В эту минуту Ярош, казалось, всем телом ощущал, как обступает его стиснувший зубы Киев. Тысячи и тысячи холодных домов с темными глазницами. А над ними нависли тяжелые тучи, которые сеют то мелкий дождь, то мокрый снег. И вдруг жившее в Яроше неясное чувство вспыхнуло ярким светом: как дорог ему родной город! Он любил Киев до боли в сердце, как любят самого близкого человека — не только за радости, пережитые вместе с ним, а и за тревоги, горечь и нелегкие раздумья. Всяко бывало, и всяко еще будет.

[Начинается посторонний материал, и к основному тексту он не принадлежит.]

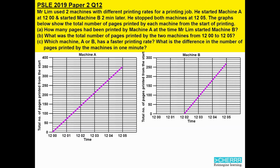To find the number of pages that machine A has printed when Mr. Lim started machine B, you need to look at the time 12.02 on the graph for machine A. From 12.02, read upwards and then towards the left, and you will find that it points to 140. Therefore, 140 pages had been printed by machine A.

Тяжелым шагом возвращался Ярош домой. Растревоженные мысли еще долго не могли войти в привычную колею. Он устал. Томительно ныла раненая нога.

Притихшая Соломенна встретила его синими сумерками, в воздухе кружили, метались тысячи пушистых снежинок.

36

— Нет, нет, я пойду одна, — решительно сказала Женя. — Я пойду одна. Пора! Раз надо жить, значит, надо и работать где-то. Придется зарабатывать у немцев проклятый паек.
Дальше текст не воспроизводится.